Forgotten heroes of two revolutions

Nikolai Ilyich PODVOISKY (1880 - 1948)

He comes from a family of Ukrainian priests, a veteran of the Bolshevik Party. In February 1917, he captured the Kshesinskaya Palace and made it the party headquarters, in October he was deputy chairman of the Military Revolutionary Committee, one of the organizers of the storming of the Winter Palace. He became the first people's commissar for military affairs, soon losing this post to Trotsky. Invented the emblem of the Red Army - a five-pointed star. During the Civil War, he did not prove himself and was pushed back to secondary positions. Invisibility and addiction to alcohol helped him avoid repression.

Mikhail Mikhailovich LASHEVICH (1884 - 1928)

The son of an Odessa merchant, a Bolshevik, a participant in the revolutions of 1905 and 1917. In May 1917 he became secretary of the Petrograd Soviet and leader of its Bolshevik faction. As a member of the Military Revolutionary Committee, on the night of October 25, he commanded the capture of mail, telegraph, and bridges. During the Civil War - commander of several armies, later - deputy commissar for military and naval affairs. For proximity to Trotsky, he was removed from all posts and sent on a diplomatic mission to Harbin, where he died under mysterious circumstances.

Georgy Ivanovich BLAGONRAVOV (1894 - 1938)

A nobleman, ensign of the rear, who became a Bolshevik in March 1917, and in October - the commissar of the Peter and Paul Fortress. He fired guns at the Winter Palace, after the victory of the uprising he was the commissar for the protection of Petrograd. Since 1918 he worked in the Cheka, organized the work of railways. Shot during the Great Terror.

Yuri Vladimirovich LOMONOSOV (1876 - 1952)
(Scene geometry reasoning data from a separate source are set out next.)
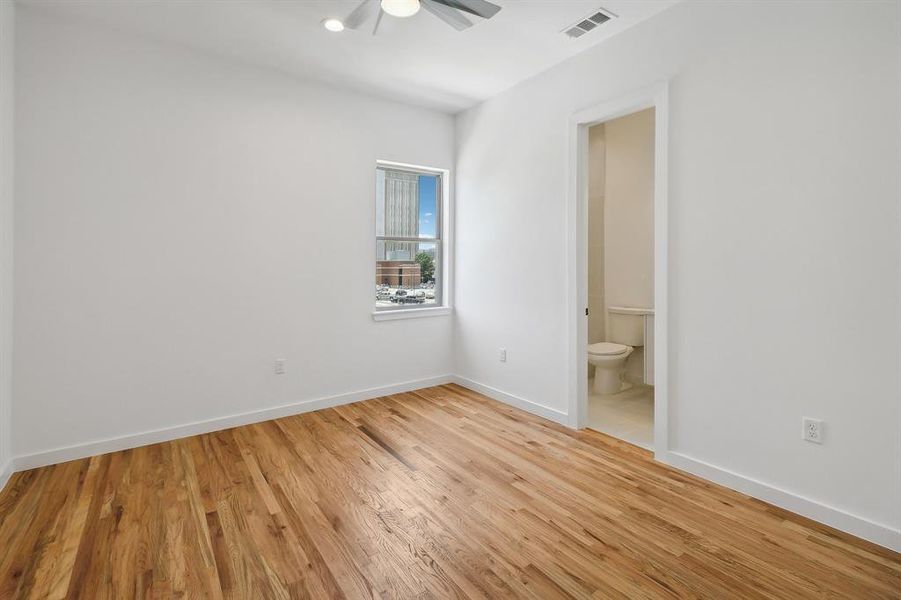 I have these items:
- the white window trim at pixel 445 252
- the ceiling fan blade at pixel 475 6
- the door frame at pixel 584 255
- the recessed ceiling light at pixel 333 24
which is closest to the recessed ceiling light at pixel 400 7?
the ceiling fan blade at pixel 475 6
Railway engineer from the nobility, a distant relative of M.V. Lomonosov. He was a member of the leadership of the Ministry of Railways. Being a staunch opponent of the monarchy, he took part in the preparation of the February Revolution. Together with Duma commissar Bublikov, he put the railroads under the control of the new government. In the summer of 1917 he left for the United States to purchase steam locomotives, under the Bolsheviks he returned to Russia, where, with the consent of Lenin, he undertook a number of adventurous economic projects. After their failure, he fled to England.

Alexander Yakovlevich AROSEV (1890 - 1938)

The son of a tailor, a Bolshevik, a talented writer. In October 1917, he commanded detachments of the Red Guards during the Moscow uprising, ordered to shoot the Kremlin from guns. Later he worked in the Cheka, was the Soviet plenipotentiary in a number of European countries. He died during the Great Terror. Father of actresses Elena and Olga Arosev.

Anatoly Grigorievich ZHELEZNYAKOV (1895 - 1919)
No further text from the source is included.